And what better elephant gun could you have than the Hollywood insider roman a clef?

Advertisement

Indeed, two recent novels show what a complex beast the movie industry can be: “A Lawyer’s Tale,” attorney Bert Fields’ paean to omnipotence in the face of Hollywood’s scurrilous wheeler-dealers, and “A Cast of Thousands,” screenwriter Steve Shagan’s acrid romp about movie-making.

Screenwriter David Freeman once wrote that the current generation of Hollywood novelists differs from its predecessors in that most are “screenwriters working in the post-studio era. We are, I believe, the first generation to come to Hollywood without thinking we were slumming. Our collective view, if such a disparate and unruly mob can have one, is that we came here to be part of something we thought quite wonderful. As a result we run a risk of becoming elegiac and not immediate.”

Fields’ lawyer protagonist, Harry Cain, has the town by the tail, much as does his creator, whose real-life client list includes such supernovae as Michael Jackson. But although the novel’s twists and turns are largely inspired by actual entertainment industry cases, Fields, 64, isn’t snitching. It was only after some soul-searching that he divulged the author’s identity. He wrote it under the pen name D. Kincaid.

“I didn’t tell anybody for a long time,” he says in his law office towering above Century City. “I thought it might bother people. I thought they might worry that I was going to expose their affairs.”

Fields was already a power in Hollywood when client Mario Puzo suggested he try his hand at fiction. So Fields wrote his first Harry Cain book eight years ago and sent it to publisher Joni Evans, then at Simon & Schuster.

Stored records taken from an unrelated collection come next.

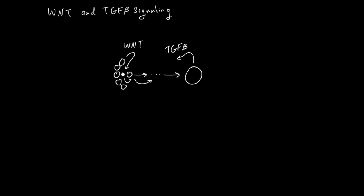Overall, Wnt drives duplication and differentiation, and TGF-beta wants to stop that process from happening. This is a nice balance, like the yin-yang of cell differentiation.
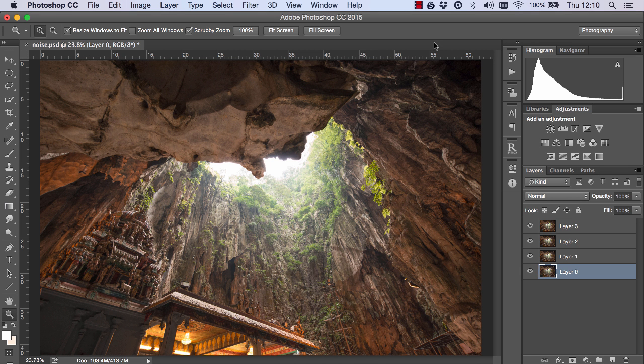Often when we're using noise removal software we'll find that when we reduce noise we also take away some of those details and textures. But there is a way in Photoshop to get around that.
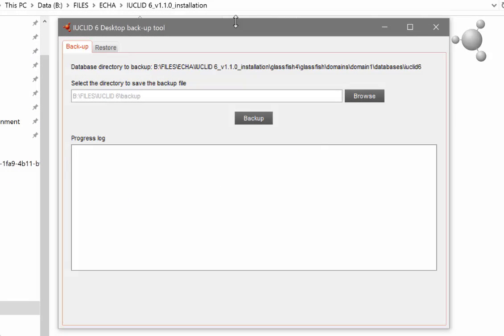A wizard then opens. From here you select where you wish to save your backup file. Save this file on your computer and ensure that it is saved outside of your IUCLID 6 installation folder.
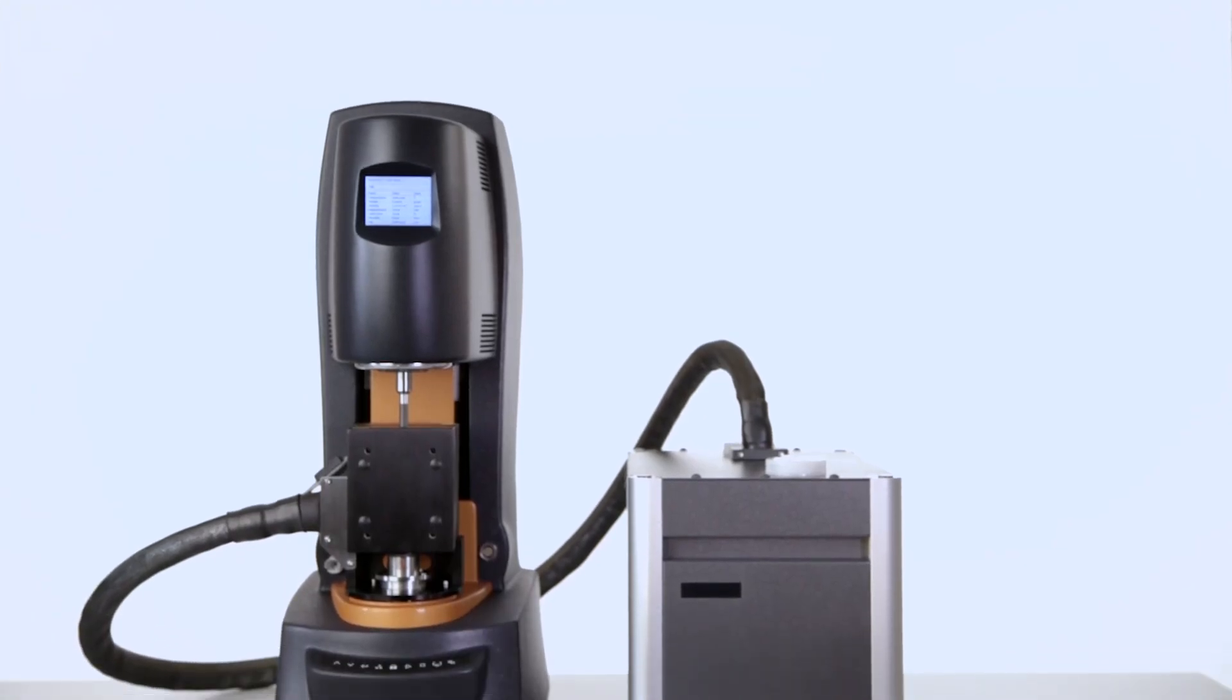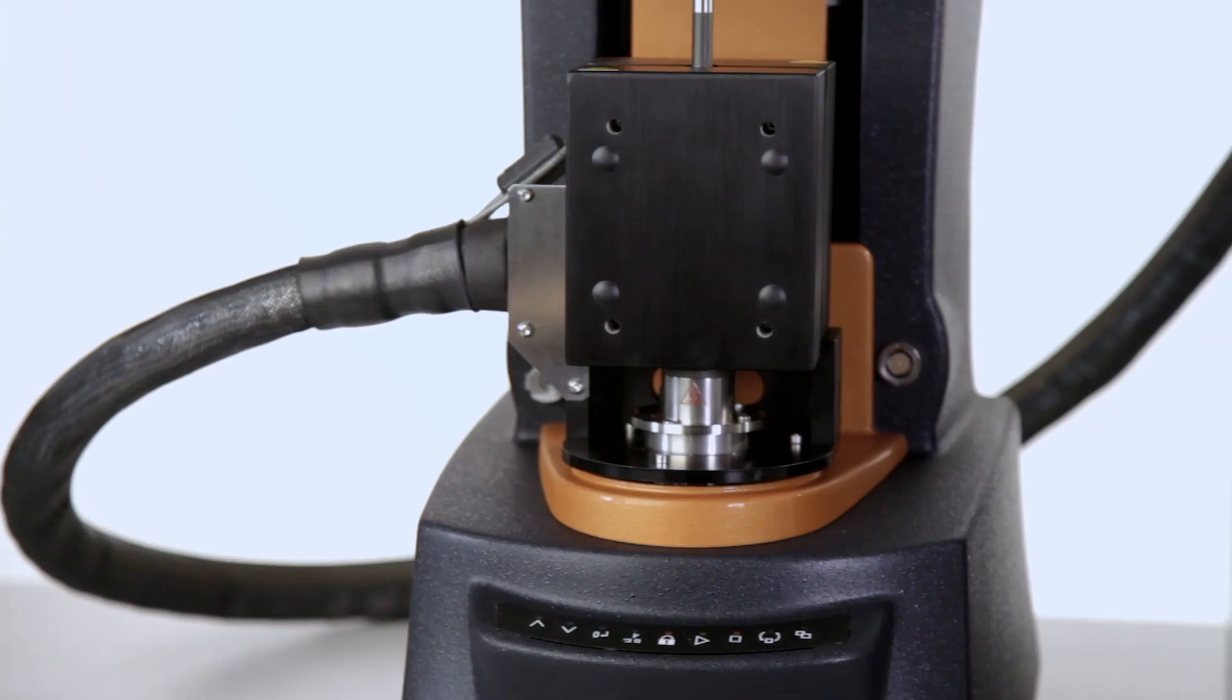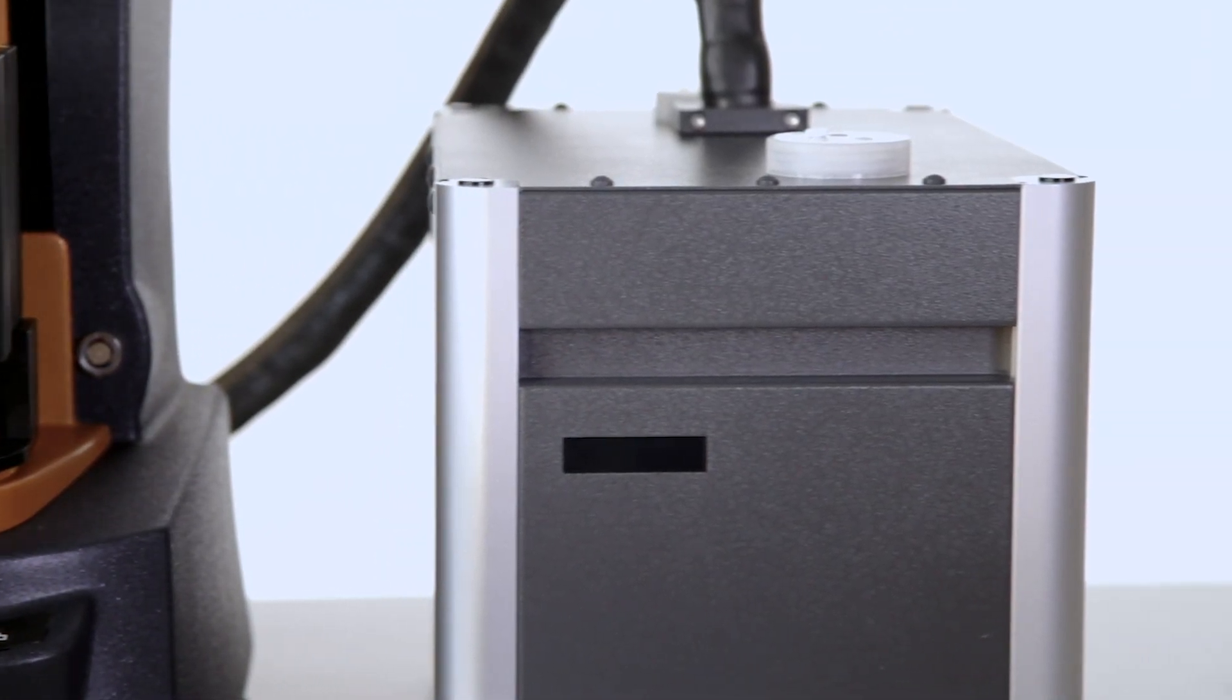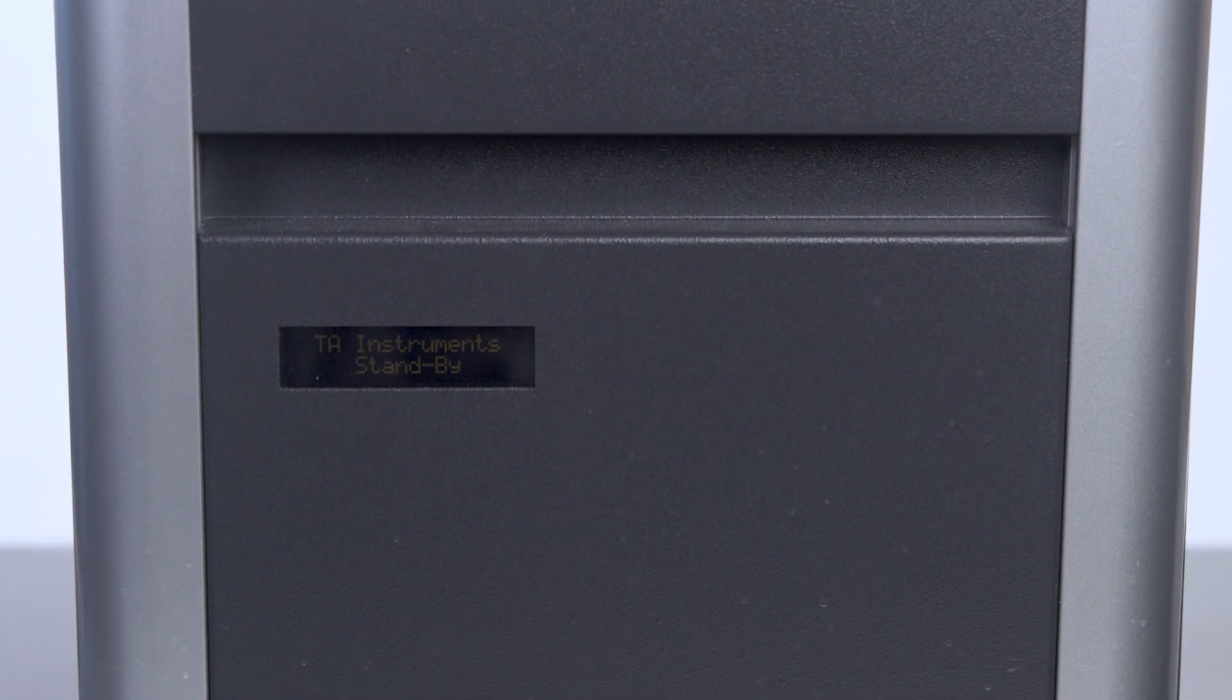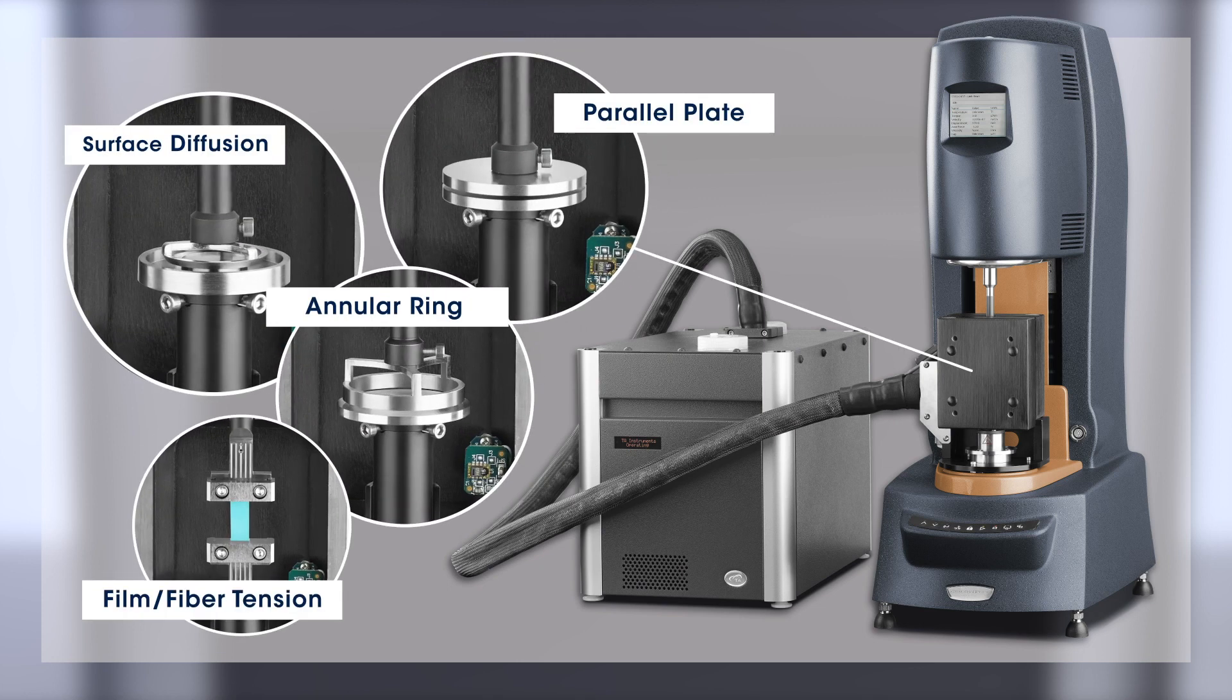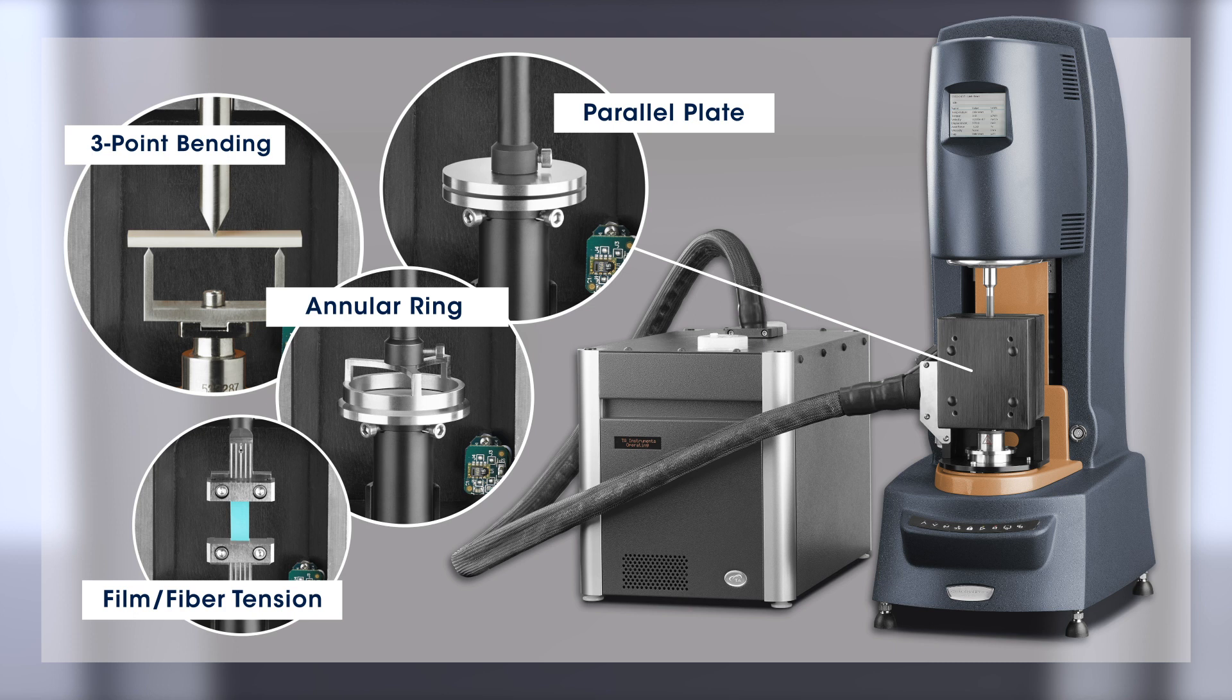The relative humidity accessory on the DHR rheometer is a powerful tool which allows users to monitor the rheological property change of a material under both controlled temperature and humidity. This humidity chamber is used in combination with a series of geometries for testing varieties of different types of samples from low viscosity liquid to solid.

“I said (the author) was a client of mine,” says the lanky Fields. “And I said, ‘Tell me honestly what you think.’ And I was immodest enough to say, ‘I rather like it.’ I thought I’d influence her a bit.”

Advertisement

Even after Harry Cain debuted between the covers of “The Sunset Bomber,” Fields was reluctant to ‘fess up to authorship.

“I kept talking about Kincaid. Two friends (Robert Towne and Warren Beatty) wanted the movie rights to the book, and I said, ‘I’ll talk to Kincaid.’ And they laughed and said, ‘Yeah, talk to Kincaid.’ ”

Fields finally admitted to authorship and to parallels between himself and his super-lawyer alter ego. One thing the attorneys share is a $1-a-year retainer from mutual friend Mike Ovitz in exchange for declining to sue his Creative Artists Agency.

“Actually, (Ovitz) misses some years,” Fields says. “And when he told the story recently he said, ‘$5.’ But it was a dollar, and I wrote him a note saying, ‘Now my partners are going to think I stole $4 from them.’ ”

But Fields only smiles when asked about the inspiration for Cain’s “theft” of a work print on the director’s behalf so the studio couldn’t have its way with it.

“Someone once took a negative of a film,” Fields says in careful lawyerese. “The client in the case had no part in the taking of the film. There was a proceeding against the lawyer and the client. The matter was resolved and the film did come back.”

Advertisement

Fields declined to comment on whether he was that “someone.”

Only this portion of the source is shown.